As Dana Goldstein indicates, the newly minted conservative position on Iran is that, regardless of all the time and effort they’ve spent over the last four years setting up Mahmoud Ahmadinejad as the new Hitler, it really doesn’t matter who the president of Iran is, because Supreme Leader Ayatollah Ali Khamenei is in charge. In the event that Ahmadinejad is defeated at the polls, expect a landslide of conservatives making this argument. I suspect that even John McCain — who famously refused to hear anything about it last year — will suddenly magically discover that the Supreme Leader is actually the supreme leader.
[T]he most dangerous leaders in modern history are those (such as Hitler) equipped with a totalitarian ideology and a mystical belief in their own mission. Mahmoud Ahmadinejad fulfills both these criteria.
Last week, however, speaking at a Heritage Foundation event, Pipes stated that “the president of Iran, despite his title, is not the final arbiter in [national security] matters.”
The president tends to have power in the areas — in the soft areas — having to do with culture and religion and education. And it is the Rahbare, the Supreme Guide of Iran, Khomeini at first and now Khamenei who has control of the military, the law enforcement, the judiciary system, the intelligence agencies. So its not clear that the president matters that much.
As Daniel Luban reported, Pipes was at least forthright enough to admit that, were he a registered voter in Iran, he would “vote for Ahmadinejad…I would prefer to have an enemy who is forthright and blatant and obvious.” Interestingly, Pipes’ thinking neatly mirrors the thinking of extremists elsewhere, such as the contributor to an Al Qaeda-linked website who declared that “Al-Qaeda will have to support [Sen. John] McCain in the coming election,” as McCain would be more likely to continue the policies of George W. Bush, which produced a propaganda and recruiting bonanza for the terrorists.

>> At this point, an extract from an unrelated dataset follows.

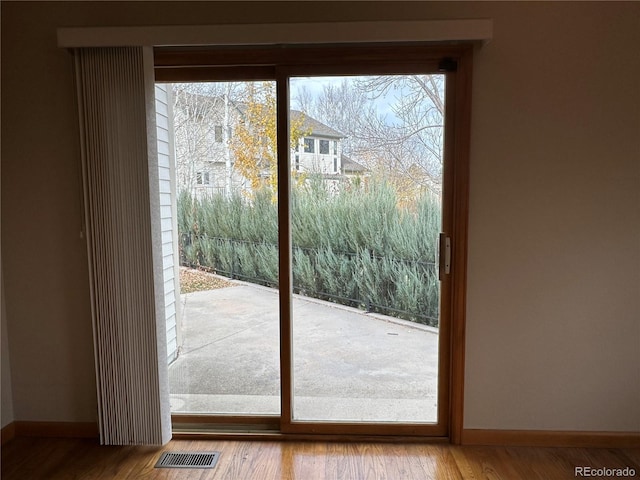 doorway with hardwood / wood-style floors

Pipes also flatly insisted that “when it comes to building a nuclear weapon…there is a wide consensus in the Iranian leadership that building these weapons is something that is desirableand there is no known dissent from that viewpoint .”

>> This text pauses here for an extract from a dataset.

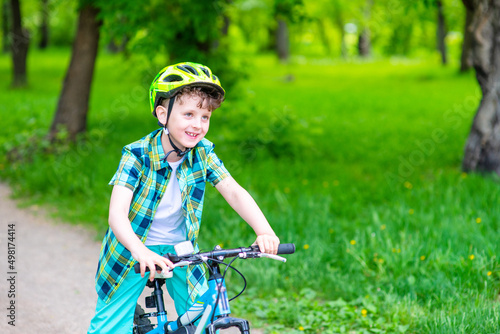 A boy with a green bicycle helmet on his head rides his bicycle in the summer park. Summer rest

This is untrue. There is in fact rather well known dissent from that viewpoint — in the form of a 2003 fatwa (religious-legal decree) issued by Supreme Leader Ayatollah Ali Khamenei which declared that Islam forbids the development and use of all weapons of mass destruction. It’s true that later statements and actions have called this position into question, but it’s flatly false to suggest that there is “no dissent” among the Iranian clerical leadership regarding the production and use of nuclear weapons.
Interestingly, the event at which Pipes spoke was called “New Thinking for Old Problems.” The old problem, I take it, being “how to gin up a war with Iran,” and the new thinking being “insist that a reformist electoral victory will be meaningless.” Of course, if Ahmadinejad wins, he’ll still be the new Hitler and the presidency will once again matter a lot.